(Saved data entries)
────────────────────────────────────────

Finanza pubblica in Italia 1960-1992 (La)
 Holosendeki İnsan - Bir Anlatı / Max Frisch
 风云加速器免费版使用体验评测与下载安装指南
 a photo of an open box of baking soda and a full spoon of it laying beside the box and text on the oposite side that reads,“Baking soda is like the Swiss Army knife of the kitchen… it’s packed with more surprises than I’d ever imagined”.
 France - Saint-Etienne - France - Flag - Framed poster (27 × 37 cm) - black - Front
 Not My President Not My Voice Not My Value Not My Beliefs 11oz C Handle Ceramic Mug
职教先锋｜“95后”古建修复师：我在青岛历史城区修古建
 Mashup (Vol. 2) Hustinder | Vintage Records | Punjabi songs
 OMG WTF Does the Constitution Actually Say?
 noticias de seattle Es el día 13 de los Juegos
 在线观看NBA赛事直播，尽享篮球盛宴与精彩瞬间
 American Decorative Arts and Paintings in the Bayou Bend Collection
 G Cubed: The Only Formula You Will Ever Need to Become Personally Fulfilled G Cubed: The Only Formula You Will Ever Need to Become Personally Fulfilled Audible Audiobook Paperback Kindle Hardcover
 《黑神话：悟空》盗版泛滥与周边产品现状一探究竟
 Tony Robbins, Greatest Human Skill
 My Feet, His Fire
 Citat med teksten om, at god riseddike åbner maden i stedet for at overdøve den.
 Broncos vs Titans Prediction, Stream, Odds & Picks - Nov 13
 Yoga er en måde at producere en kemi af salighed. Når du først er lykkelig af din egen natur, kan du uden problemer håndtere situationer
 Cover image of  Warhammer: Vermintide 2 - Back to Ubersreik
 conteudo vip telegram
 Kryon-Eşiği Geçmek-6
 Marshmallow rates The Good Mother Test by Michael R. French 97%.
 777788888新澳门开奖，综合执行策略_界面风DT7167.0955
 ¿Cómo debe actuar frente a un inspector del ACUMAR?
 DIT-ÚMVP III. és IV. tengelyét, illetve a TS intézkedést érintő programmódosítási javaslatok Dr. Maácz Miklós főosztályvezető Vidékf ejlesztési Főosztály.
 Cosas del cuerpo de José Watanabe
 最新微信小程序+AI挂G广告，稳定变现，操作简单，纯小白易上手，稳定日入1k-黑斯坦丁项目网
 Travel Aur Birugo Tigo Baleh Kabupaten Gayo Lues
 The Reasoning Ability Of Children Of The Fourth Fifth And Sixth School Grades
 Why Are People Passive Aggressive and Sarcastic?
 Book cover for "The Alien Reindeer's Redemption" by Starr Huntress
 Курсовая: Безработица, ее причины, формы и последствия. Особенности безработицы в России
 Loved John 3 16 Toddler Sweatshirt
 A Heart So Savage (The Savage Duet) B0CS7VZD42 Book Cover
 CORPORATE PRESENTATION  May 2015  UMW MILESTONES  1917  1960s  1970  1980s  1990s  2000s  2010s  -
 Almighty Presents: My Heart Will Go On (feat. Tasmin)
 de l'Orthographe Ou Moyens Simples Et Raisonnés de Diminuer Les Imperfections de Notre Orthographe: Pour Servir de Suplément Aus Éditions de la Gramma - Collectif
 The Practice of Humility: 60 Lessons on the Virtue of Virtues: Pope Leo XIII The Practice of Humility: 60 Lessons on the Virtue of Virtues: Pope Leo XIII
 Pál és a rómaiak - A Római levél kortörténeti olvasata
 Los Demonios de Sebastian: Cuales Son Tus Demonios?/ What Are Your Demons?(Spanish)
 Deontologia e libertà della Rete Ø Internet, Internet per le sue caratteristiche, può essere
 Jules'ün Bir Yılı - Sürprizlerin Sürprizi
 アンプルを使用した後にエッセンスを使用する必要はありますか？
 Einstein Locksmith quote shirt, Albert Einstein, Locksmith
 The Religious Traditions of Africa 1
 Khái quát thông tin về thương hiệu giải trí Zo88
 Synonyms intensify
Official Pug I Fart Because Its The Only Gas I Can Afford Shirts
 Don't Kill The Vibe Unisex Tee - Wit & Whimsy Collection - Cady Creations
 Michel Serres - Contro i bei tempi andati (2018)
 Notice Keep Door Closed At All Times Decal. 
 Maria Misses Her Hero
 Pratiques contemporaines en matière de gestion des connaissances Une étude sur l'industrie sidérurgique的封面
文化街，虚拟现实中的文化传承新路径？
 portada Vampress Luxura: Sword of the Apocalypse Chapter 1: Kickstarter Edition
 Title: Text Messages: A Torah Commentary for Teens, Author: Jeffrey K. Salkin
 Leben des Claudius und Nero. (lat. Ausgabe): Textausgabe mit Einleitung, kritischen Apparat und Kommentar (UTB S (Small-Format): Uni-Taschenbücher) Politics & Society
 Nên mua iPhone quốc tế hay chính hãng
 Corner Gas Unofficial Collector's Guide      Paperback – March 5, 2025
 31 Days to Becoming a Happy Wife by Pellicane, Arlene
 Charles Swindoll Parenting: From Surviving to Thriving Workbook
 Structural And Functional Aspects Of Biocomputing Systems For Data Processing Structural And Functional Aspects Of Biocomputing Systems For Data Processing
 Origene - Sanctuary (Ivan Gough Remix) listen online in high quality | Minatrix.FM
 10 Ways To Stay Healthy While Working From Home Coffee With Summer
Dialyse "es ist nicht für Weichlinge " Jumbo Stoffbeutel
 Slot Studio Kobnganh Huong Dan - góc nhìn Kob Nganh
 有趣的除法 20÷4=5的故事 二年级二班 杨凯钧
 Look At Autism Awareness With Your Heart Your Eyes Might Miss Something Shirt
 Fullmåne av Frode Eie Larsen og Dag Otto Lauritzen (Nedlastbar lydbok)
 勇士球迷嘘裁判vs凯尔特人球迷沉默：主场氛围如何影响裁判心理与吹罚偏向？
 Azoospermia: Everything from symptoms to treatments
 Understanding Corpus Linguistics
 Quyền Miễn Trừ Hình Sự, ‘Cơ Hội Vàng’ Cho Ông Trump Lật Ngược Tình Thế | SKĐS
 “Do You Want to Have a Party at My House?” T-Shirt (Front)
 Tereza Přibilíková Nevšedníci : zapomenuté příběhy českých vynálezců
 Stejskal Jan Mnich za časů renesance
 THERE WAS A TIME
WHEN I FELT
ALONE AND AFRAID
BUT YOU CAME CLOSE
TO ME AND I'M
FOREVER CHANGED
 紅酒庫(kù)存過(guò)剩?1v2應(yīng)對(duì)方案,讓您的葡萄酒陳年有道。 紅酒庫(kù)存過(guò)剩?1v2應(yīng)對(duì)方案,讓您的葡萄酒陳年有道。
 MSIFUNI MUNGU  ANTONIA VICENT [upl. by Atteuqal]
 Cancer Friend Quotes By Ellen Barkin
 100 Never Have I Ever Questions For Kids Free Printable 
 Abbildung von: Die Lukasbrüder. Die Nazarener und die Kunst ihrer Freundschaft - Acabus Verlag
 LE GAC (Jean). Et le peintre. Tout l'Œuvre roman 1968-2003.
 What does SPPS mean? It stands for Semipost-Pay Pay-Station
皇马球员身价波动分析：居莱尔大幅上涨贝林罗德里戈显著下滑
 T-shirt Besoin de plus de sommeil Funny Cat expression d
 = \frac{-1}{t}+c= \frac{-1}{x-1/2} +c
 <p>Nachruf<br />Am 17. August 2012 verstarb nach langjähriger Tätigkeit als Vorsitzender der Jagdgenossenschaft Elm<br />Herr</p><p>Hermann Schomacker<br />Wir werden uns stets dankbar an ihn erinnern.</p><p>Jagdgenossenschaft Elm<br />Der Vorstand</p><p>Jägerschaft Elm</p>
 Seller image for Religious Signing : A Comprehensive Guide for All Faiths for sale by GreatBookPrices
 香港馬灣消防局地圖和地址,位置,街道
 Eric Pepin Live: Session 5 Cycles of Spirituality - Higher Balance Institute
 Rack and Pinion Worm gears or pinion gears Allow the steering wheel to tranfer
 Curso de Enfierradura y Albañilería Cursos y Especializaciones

────────────────────────────────────────

■ **What to produce**
Word for word, restate the lines of the data above that fall between the line holding "DIT-ÚMVP III. és" and the line holding "Loved John 3 16 Toddler Sweatshirt", inclusive, and no other lines.

■ **Task response**
 DIT-ÚMVP III. és IV. tengelyét, illetve a TS intézkedést érintő programmódosítási javaslatok Dr. Maácz Miklós főosztályvezető Vidékf ejlesztési Főosztály.
 Cosas del cuerpo de José Watanabe
 最新微信小程序+AI挂G广告，稳定变现，操作简单，纯小白易上手，稳定日入1k-黑斯坦丁项目网
 Travel Aur Birugo Tigo Baleh Kabupaten Gayo Lues
 The Reasoning Ability Of Children Of The Fourth Fifth And Sixth School Grades
 Why Are People Passive Aggressive and Sarcastic?
 Book cover for "The Alien Reindeer's Redemption" by Starr Huntress
 Курсовая: Безработица, ее причины, формы и последствия. Особенности безработицы в России
 Loved John 3 16 Toddler Sweatshirt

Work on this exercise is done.